Qual è il suo commento per le morti di overdose, invece?
“Nelle nostre carceri, abbiamo un’alta percentuale di detenuti tossicodipendenti.Secondo quanto emerge dalle prime evidenze acquisite, una delle prime cose fatte dai detenuti, in occasione delle rivolte, è stata quella di prendere possesso dei locali infermeria, dove ci sono metadone e psicofarmaci. Una parte di loro ne avrebbe fatto uso smodato procurandosi uno stato di overdose. Il dramma di Modena si è ripetuto esattamente a Rieti: stessa modalità. Ritengo che su tali decessi gli accertamenti di indagine della magistratura requirente serviranno a ricostruire l’esatto accadimento dei fatti.

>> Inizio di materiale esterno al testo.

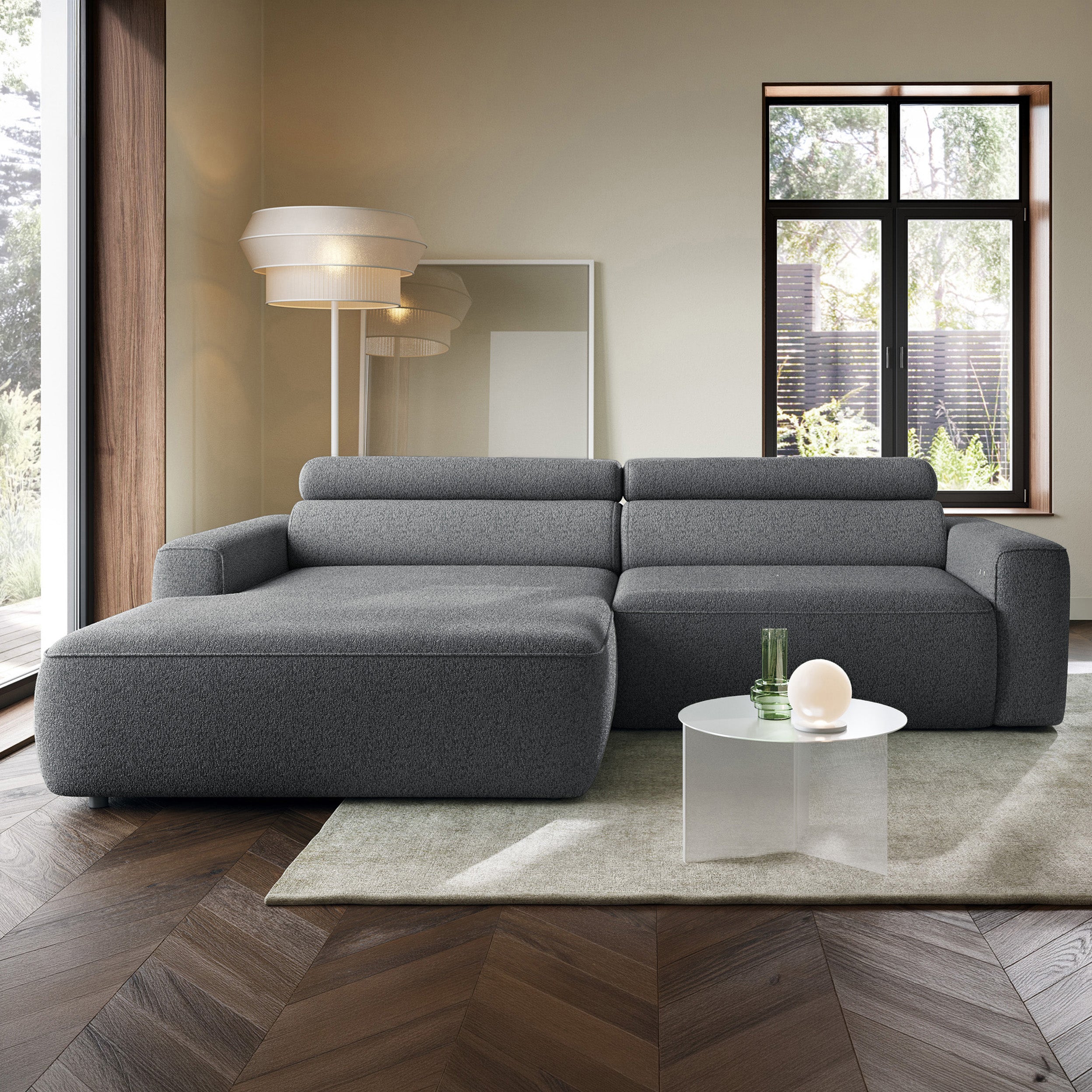 Ecksofa mit elektrischem Auszug Fando, L-förmig, linksseitig, grau, Geflecht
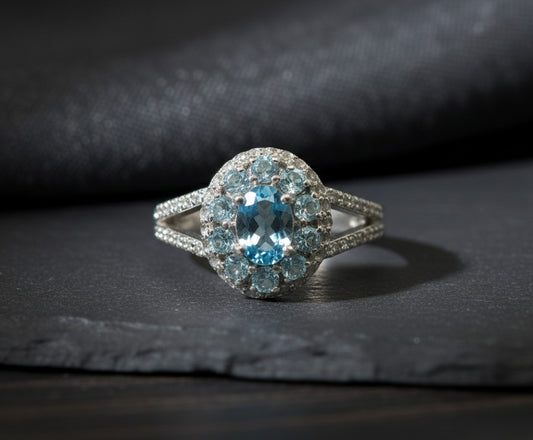 Celestial Halo Ring: Natural Blue Topaz Cluster with Moissanite Split Band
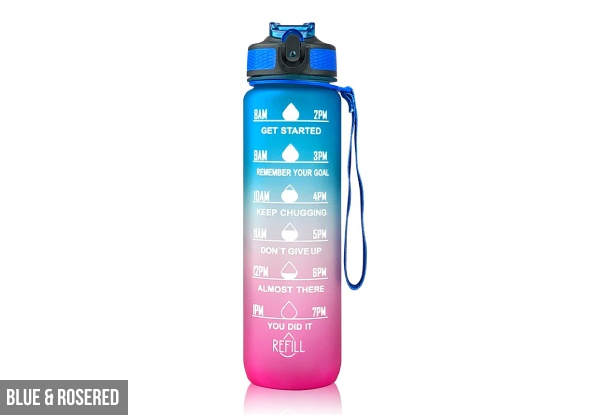 1L Water Bottle with Time Scale - Six Colours Available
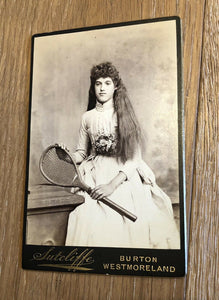 beautiful long hair victorian girl holding tennis racket / antique photo 1880s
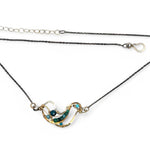 Current Necklace With Apatite and Oxidized Silver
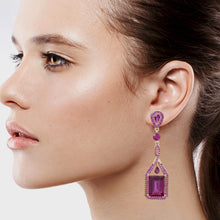 Load image into Gallery viewer, MAROON DANGLING EARRING BRILLIANT MAROON COLORS 3&#39; INCH (#149)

Questi episodi non mostrano la fragilità del sistema penitenziario?
“Più che di fragilità, parlerei di complessità di un sistema su cui, a livello strutturale e organico, per anni non si è investito. Una delle criticità più serie deriva dall’assistenza sanitaria. La sanità pubblica è già in difficoltà: chi vive in una condizione di assembramento obbligato, si sente preoccupato. L’occasione è stata utile per far emergere una serie di carenze e una voglia di libertà dei detenuti”.

Caos nelle carceri – Foto © Ansa

Come intendete procedere?
“Adesso dobbiamo lavorare per ripristinare la sicurezza degli ambienti e ricostruire un clima di serenità. Abbiamo seri problemi per l’utilizzabilità di strutture. Modena è inutilizzabile, aveva 500 posti detentivi. Il mio auspicio è che si lavori per garantire la sicurezza nelle carceri, si continui a lavorare per incentivare la prevenzione dal contagio, ma occorre il contributo di tutti e soprattutto degli stessi detenuti. Una parte consistente di essi non ha preso parte alle proteste. C’è una stragrande maggioranza che ha manifestato dissenso in maniera accettabile, senza l’uso della violenza. C’è bisogno della collaborazione buona di questi detenuti. Muoviamoci con senso di responsabilità e dovere”.